* **Exercise prompt**
Leaving nothing out, print each line of the material exactly.
^^^^
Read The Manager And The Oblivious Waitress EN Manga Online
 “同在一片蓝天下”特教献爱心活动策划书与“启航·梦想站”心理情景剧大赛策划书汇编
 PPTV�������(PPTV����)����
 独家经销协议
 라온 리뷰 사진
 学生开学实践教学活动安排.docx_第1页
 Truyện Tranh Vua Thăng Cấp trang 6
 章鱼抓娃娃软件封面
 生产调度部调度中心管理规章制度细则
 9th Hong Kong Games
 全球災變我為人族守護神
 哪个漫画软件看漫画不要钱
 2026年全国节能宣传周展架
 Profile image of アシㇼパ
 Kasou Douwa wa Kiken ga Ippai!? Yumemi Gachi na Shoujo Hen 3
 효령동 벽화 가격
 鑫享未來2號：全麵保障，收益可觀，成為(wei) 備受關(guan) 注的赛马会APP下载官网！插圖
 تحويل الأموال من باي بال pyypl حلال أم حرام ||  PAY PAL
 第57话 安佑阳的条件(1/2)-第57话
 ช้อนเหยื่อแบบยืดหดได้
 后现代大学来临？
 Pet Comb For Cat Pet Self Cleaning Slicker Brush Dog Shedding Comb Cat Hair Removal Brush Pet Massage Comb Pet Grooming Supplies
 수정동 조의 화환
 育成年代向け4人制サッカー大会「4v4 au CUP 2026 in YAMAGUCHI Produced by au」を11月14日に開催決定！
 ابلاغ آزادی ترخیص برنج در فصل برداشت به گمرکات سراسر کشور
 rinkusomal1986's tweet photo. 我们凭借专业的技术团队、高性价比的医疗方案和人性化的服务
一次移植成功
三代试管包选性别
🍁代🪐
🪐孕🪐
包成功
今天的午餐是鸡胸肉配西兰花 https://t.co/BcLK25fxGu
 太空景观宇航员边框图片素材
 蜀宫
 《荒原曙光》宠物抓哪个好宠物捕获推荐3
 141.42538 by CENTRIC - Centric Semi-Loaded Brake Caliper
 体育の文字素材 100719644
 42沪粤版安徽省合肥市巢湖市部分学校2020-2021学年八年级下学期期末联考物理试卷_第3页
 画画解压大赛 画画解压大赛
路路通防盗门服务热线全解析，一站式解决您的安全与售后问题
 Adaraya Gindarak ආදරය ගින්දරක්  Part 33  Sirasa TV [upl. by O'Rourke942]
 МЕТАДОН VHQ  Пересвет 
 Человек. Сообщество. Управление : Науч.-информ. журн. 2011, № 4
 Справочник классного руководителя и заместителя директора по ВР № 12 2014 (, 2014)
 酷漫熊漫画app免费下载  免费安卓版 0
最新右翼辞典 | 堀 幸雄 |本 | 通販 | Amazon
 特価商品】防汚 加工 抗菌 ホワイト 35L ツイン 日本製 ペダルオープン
^^^^
* **Result**
Read The Manager And The Oblivious Waitress EN Manga Online
 “同在一片蓝天下”特教献爱心活动策划书与“启航·梦想站”心理情景剧大赛策划书汇编
 PPTV�������(PPTV����)����
 独家经销协议
 라온 리뷰 사진
 学生开学实践教学活动安排.docx_第1页
 Truyện Tranh Vua Thăng Cấp trang 6
 章鱼抓娃娃软件封面
 生产调度部调度中心管理规章制度细则
 9th Hong Kong Games
 全球災變我為人族守護神
 哪个漫画软件看漫画不要钱
 2026年全国节能宣传周展架
 Profile image of アシㇼパ
 Kasou Douwa wa Kiken ga Ippai!? Yumemi Gachi na Shoujo Hen 3
 효령동 벽화 가격
 鑫享未來2號：全麵保障，收益可觀，成為(wei) 備受關(guan) 注的赛马会APP下载官网！插圖
 تحويل الأموال من باي بال pyypl حلال أم حرام ||  PAY PAL
 第57话 安佑阳的条件(1/2)-第57话
 ช้อนเหยื่อแบบยืดหดได้
 后现代大学来临？
 Pet Comb For Cat Pet Self Cleaning Slicker Brush Dog Shedding Comb Cat Hair Removal Brush Pet Massage Comb Pet Grooming Supplies
 수정동 조의 화환
 育成年代向け4人制サッカー大会「4v4 au CUP 2026 in YAMAGUCHI Produced by au」を11月14日に開催決定！
 ابلاغ آزادی ترخیص برنج در فصل برداشت به گمرکات سراسر کشور
 rinkusomal1986's tweet photo. 我们凭借专业的技术团队、高性价比的医疗方案和人性化的服务
一次移植成功
三代试管包选性别
🍁代🪐
🪐孕🪐
包成功
今天的午餐是鸡胸肉配西兰花 https://t.co/BcLK25fxGu
 太空景观宇航员边框图片素材
 蜀宫
 《荒原曙光》宠物抓哪个好宠物捕获推荐3
 141.42538 by CENTRIC - Centric Semi-Loaded Brake Caliper
 体育の文字素材 100719644
 42沪粤版安徽省合肥市巢湖市部分学校2020-2021学年八年级下学期期末联考物理试卷_第3页
 画画解压大赛 画画解压大赛
路路通防盗门服务热线全解析，一站式解决您的安全与售后问题
 Adaraya Gindarak ආදරය ගින්දරක්  Part 33  Sirasa TV [upl. by O'Rourke942]
 МЕТАДОН VHQ  Пересвет 
 Человек. Сообщество. Управление : Науч.-информ. журн. 2011, № 4
 Справочник классного руководителя и заместителя директора по ВР № 12 2014 (, 2014)
 酷漫熊漫画app免费下载  免费安卓版 0
最新右翼辞典 | 堀 幸雄 |本 | 通販 | Amazon
 特価商品】防汚 加工 抗菌 ホワイト 35L ツイン 日本製 ペダルオープン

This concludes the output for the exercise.